Steel is up for the beams and columns. They are framing in the exterior walls on the bottom today. 





The view from across the gulch in the back yard


----------



## Dobish (Dec 13, 2018)

Steel is up! Just waiting for decking to go on top... among other things!


----------



## Dobish (Dec 20, 2018)

welding is about 3/5 of the way there. They only had 650 spot welds for the steel decking!





engineer is coming out today to check things off. City is coming out tomorrow to sign off, and the concrete truck comes on saturday!


----------



## Dobish (Dec 20, 2018)

they had to add a lot of steel to the steel for bracing.... this thing is overkill


----------



## Dobish (Dec 26, 2018)

Decking all welded up, all 800 screws are put in.
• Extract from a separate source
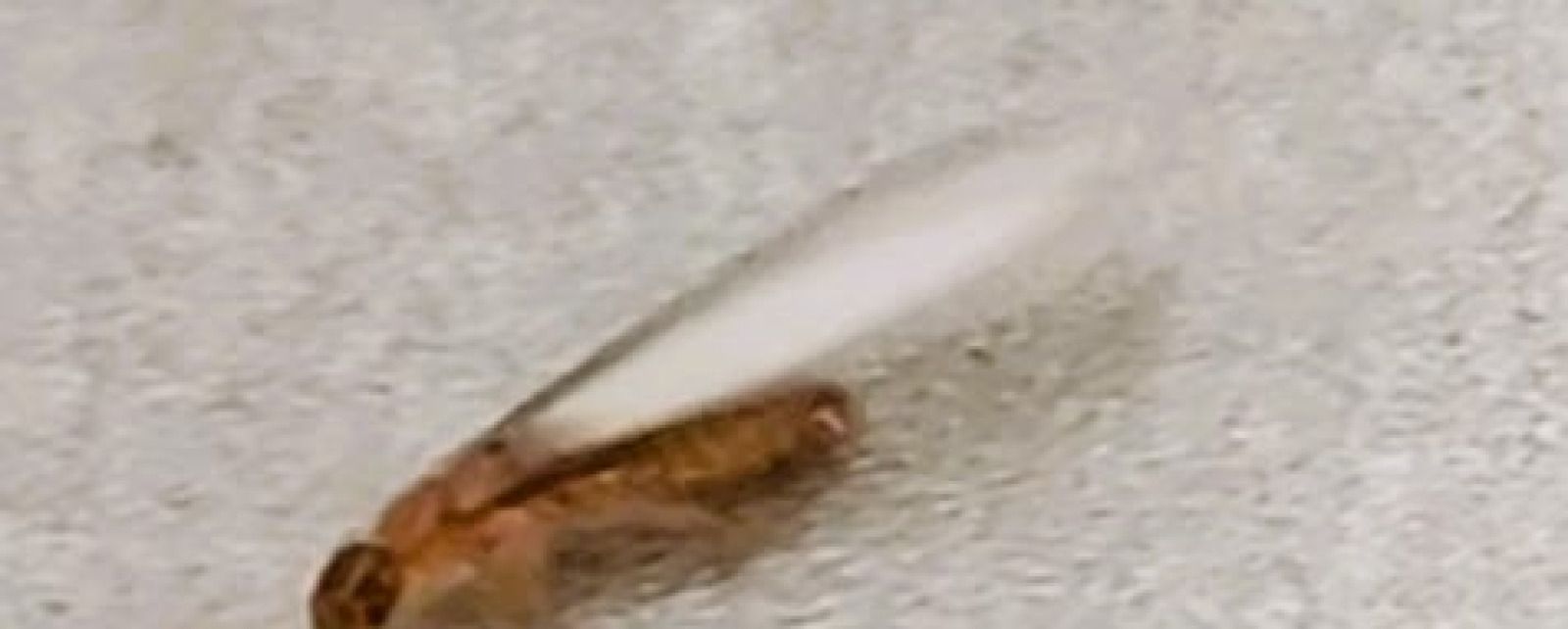 Stop termites in their tracks before they get in your home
Engineering has signed off, the city came by and told us that it all looked good.
Forms built and mesh laid down over the vulcraft decking.





Monday Morning, 8 am... 









Slab is poured and floated.... 





we got some heaters below, and the insulation blankets up on top... weather was perfect





I was told I wouldn't be hired as a form builder... i don't know why


----------



## Dobish (Jan 2, 2019)

The concrete guy told me that if I covered and uncovered the slab during the holidays, that he would trade me some of the industrial sealer he normally tells people to buy. I sealed it all up on sunday while it was 55º. About 3 hours later, it snowed and got down to -2º. 





Framing of the lower level should be happening the rest of this week, and the upper level stuff is going to be the week after. 





we had a few issues with the architectural drawings calling for both an 8' door and a 7' door (when you added up all of the measurements). Needless to say, that was going to cause an issue, so fortunately we were able to just add a food to the walls and call it good.  We finalized our colors for the siding (*darker) and the trim & beams (lighter wood). The cedar siding is actually wirebrushed, then burned, then stained.


----------



## Dobish (Jan 9, 2019)

starting to get real.... there goes my view from my living room!


----------



## Dobish (Jan 11, 2019)

we have 4 walls. Trusses were supposed to go up today, but they didn't really feel like walking around in the snow. Hopefully they are framing up some of the lower interior walls. Now that its built, it doesn't look big enough  (i mean, it looks tall enough...)


----------



## AlbergSteve (Jan 11, 2019)

What's the blocking in the walls for?


----------



## Dobish (Jan 13, 2019)

For the vertical siding.  I think they went a little overkill.  It could have been 24", not 12


----------



## Dobish (Jan 14, 2019)




----------



## AlbergSteve (Jan 14, 2019)

Dobish said:


> For the vertical siding.  I think they went a little overkill.  It could have been 24", not 12


Is there not sheathing/plywood under the siding?


----------



## Dobish (Jan 15, 2019)

There is,  but since it is 3/4" cedar  they wanted to ensure that they were able to get good purchase,  and with the 8" boards,  they would have screws just going into the sheathing and not the studs.  Wind loads are pretty high around here,  so they went a little overkill.


----------



## Ashful (Jan 15, 2019)

Dobish said:


> There is,  but since it is 3/4" cedar  they wanted to ensure that they were able to get good purchase,  and with the 8" boards,  they would have screws just going into the sheathing and not the studs.  Wind loads are pretty high around here,  so they went a little overkill.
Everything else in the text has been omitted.